I think it's going to be expensive to run and require an account with AdeptAI. Most usage will be to automate office work, RPA style. They could also detect malicious usage as the model sees the pages and takes actions in those pages.

rajnathani · on Sept 17, 2022

The founders of this company are the main authors of the Transformer architecture: https://techcrunch.com/2022/04/26/2304039/

d--b · on Sept 15, 2022

“Open the pod bay doors, Act-1”

lee101 · on Sept 15, 2022

Awesome, I wonder if the app is recording what we do so it can replicate what we do, or maybe if not it should have a training mode where we tell it what we do then do it so it can learn.
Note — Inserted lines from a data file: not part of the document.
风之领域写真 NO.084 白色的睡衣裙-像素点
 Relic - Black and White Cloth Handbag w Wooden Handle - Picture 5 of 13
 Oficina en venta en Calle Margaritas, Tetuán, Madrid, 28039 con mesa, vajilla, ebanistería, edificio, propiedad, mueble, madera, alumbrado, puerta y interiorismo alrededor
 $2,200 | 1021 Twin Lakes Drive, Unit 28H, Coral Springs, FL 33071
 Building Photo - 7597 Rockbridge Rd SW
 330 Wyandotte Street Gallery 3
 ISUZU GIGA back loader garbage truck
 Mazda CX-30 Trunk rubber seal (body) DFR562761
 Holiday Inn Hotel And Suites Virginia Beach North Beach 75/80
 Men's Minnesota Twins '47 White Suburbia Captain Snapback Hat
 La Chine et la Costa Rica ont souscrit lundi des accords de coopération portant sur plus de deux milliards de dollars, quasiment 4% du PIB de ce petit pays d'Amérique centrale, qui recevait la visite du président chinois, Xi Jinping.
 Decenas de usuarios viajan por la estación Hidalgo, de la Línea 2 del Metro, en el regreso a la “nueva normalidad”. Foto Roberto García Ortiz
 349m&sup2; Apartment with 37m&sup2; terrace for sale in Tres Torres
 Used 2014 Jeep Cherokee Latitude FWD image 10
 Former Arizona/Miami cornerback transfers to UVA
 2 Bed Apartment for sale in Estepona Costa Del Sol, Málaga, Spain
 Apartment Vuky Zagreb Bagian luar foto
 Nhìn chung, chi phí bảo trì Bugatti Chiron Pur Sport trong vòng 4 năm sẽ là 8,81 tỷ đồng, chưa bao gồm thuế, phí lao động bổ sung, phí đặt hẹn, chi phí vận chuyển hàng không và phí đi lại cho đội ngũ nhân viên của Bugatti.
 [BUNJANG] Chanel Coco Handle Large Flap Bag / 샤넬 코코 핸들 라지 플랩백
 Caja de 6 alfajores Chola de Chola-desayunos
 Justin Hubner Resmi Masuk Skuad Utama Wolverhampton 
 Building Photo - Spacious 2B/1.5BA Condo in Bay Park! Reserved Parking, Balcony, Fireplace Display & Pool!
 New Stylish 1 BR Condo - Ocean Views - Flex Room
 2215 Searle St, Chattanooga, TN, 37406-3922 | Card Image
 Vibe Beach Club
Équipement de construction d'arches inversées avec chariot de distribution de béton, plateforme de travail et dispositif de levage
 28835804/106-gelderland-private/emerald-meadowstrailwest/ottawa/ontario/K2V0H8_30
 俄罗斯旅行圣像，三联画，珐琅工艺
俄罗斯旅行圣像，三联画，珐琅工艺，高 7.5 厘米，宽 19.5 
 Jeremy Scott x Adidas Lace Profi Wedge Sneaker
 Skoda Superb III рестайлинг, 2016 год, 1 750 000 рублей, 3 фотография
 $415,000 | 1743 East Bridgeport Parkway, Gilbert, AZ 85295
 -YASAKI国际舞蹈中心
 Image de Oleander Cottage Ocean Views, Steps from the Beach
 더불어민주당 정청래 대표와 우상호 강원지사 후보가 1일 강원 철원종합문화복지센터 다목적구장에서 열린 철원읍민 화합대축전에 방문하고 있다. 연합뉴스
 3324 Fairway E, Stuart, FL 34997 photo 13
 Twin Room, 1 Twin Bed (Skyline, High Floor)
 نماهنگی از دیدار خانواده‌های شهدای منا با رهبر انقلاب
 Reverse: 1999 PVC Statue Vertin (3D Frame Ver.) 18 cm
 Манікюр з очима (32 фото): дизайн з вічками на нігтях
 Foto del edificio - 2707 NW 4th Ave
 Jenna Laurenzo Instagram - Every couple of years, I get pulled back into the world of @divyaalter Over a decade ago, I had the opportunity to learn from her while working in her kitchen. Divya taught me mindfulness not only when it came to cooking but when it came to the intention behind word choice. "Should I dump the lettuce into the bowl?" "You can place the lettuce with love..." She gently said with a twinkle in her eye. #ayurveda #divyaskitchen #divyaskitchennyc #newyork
I feel like some of this could one day be built using a shared model that understands HTML and JavaScript code etc with a few example prompts. Or maybe something that understands intent+a browser automation language like Selenium, if not then some custom input output language+training as adept alludes to.

If interested in building something like this also checkout https://text-generator.io which already pulls down links and images to analyse to generate better text so has a lot of the required parts

FeepingCreature · on Sept 15, 2022

Act-1, please fix the hideous low contrast on the adept.ai website.

i_am_toaster · on Sept 14, 2022

I look forward to seeing the progress made on this in the future, but at this time I don’t see any potential in this product.

ryan93 · on Sept 15, 2022

I feel the same way. If cpu speed doubles a few more times maybe this gets useful.

danielbln · on Sept 15, 2022

What a silly take considering all these models use GPUs for inference in a highly parallel fashion.

ryan93 · on Sept 15, 2022

You know what I mean. Transistor size

midislack · on Sept 14, 2022

We gotta stop this lazy "X for Y" marketing crap. Seriously, if your product is just "X for Y" it doesn't even sound like a good pitch.

quickthrower2 · on Sept 15, 2022

Sometimes X for Y just literally means X for Y, like "Milk for lactose intolerant people". I think this is such a case.